§ **WHAT THE TASK ASKS**: Give every entry again, word for word.

§ **DATA SUPPLIED**:
---------------

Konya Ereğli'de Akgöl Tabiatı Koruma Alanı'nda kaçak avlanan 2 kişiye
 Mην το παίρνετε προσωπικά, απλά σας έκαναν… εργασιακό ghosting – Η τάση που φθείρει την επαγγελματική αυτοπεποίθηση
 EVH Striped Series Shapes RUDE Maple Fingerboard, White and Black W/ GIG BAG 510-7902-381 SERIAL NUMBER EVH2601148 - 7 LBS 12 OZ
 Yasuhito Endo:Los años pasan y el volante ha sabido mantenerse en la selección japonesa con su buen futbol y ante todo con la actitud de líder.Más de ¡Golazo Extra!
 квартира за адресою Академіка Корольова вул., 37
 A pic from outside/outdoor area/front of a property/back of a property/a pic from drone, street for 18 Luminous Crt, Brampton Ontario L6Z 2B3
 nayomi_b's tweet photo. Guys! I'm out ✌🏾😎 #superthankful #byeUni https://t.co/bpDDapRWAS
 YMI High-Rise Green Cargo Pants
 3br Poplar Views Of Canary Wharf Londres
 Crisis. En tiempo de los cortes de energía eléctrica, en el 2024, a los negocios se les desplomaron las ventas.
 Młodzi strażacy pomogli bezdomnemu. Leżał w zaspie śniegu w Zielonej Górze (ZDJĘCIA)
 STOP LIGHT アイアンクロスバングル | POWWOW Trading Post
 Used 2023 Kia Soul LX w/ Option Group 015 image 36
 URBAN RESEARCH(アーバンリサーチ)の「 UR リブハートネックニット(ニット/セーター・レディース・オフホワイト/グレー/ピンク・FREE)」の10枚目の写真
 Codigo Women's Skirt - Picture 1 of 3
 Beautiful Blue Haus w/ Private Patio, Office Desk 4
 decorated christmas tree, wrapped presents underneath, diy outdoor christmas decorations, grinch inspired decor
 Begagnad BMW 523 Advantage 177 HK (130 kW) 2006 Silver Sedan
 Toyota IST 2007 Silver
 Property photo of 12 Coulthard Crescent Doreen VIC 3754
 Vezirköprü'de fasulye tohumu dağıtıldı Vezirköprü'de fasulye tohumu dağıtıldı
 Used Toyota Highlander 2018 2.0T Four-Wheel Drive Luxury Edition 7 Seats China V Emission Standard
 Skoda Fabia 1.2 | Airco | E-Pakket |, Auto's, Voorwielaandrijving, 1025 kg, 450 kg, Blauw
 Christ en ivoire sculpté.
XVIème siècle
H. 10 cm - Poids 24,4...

---------------

§ **TASK SOLUTION**:
Konya Ereğli'de Akgöl Tabiatı Koruma Alanı'nda kaçak avlanan 2 kişiye
 Mην το παίρνετε προσωπικά, απλά σας έκαναν… εργασιακό ghosting – Η τάση που φθείρει την επαγγελματική αυτοπεποίθηση
 EVH Striped Series Shapes RUDE Maple Fingerboard, White and Black W/ GIG BAG 510-7902-381 SERIAL NUMBER EVH2601148 - 7 LBS 12 OZ
 Yasuhito Endo:Los años pasan y el volante ha sabido mantenerse en la selección japonesa con su buen futbol y ante todo con la actitud de líder.Más de ¡Golazo Extra!
 квартира за адресою Академіка Корольова вул., 37
 A pic from outside/outdoor area/front of a property/back of a property/a pic from drone, street for 18 Luminous Crt, Brampton Ontario L6Z 2B3
 nayomi_b's tweet photo. Guys! I'm out ✌🏾😎 #superthankful #byeUni https://t.co/bpDDapRWAS
 YMI High-Rise Green Cargo Pants
 3br Poplar Views Of Canary Wharf Londres
 Crisis. En tiempo de los cortes de energía eléctrica, en el 2024, a los negocios se les desplomaron las ventas.
 Młodzi strażacy pomogli bezdomnemu. Leżał w zaspie śniegu w Zielonej Górze (ZDJĘCIA)
 STOP LIGHT アイアンクロスバングル | POWWOW Trading Post
 Used 2023 Kia Soul LX w/ Option Group 015 image 36
 URBAN RESEARCH(アーバンリサーチ)の「 UR リブハートネックニット(ニット/セーター・レディース・オフホワイト/グレー/ピンク・FREE)」の10枚目の写真
 Codigo Women's Skirt - Picture 1 of 3
 Beautiful Blue Haus w/ Private Patio, Office Desk 4
 decorated christmas tree, wrapped presents underneath, diy outdoor christmas decorations, grinch inspired decor
 Begagnad BMW 523 Advantage 177 HK (130 kW) 2006 Silver Sedan
 Toyota IST 2007 Silver
 Property photo of 12 Coulthard Crescent Doreen VIC 3754
 Vezirköprü'de fasulye tohumu dağıtıldı Vezirköprü'de fasulye tohumu dağıtıldı
 Used Toyota Highlander 2018 2.0T Four-Wheel Drive Luxury Edition 7 Seats China V Emission Standard
 Skoda Fabia 1.2 | Airco | E-Pakket |, Auto's, Voorwielaandrijving, 1025 kg, 450 kg, Blauw
 Christ en ivoire sculpté.
XVIème siècle
H. 10 cm - Poids 24,4...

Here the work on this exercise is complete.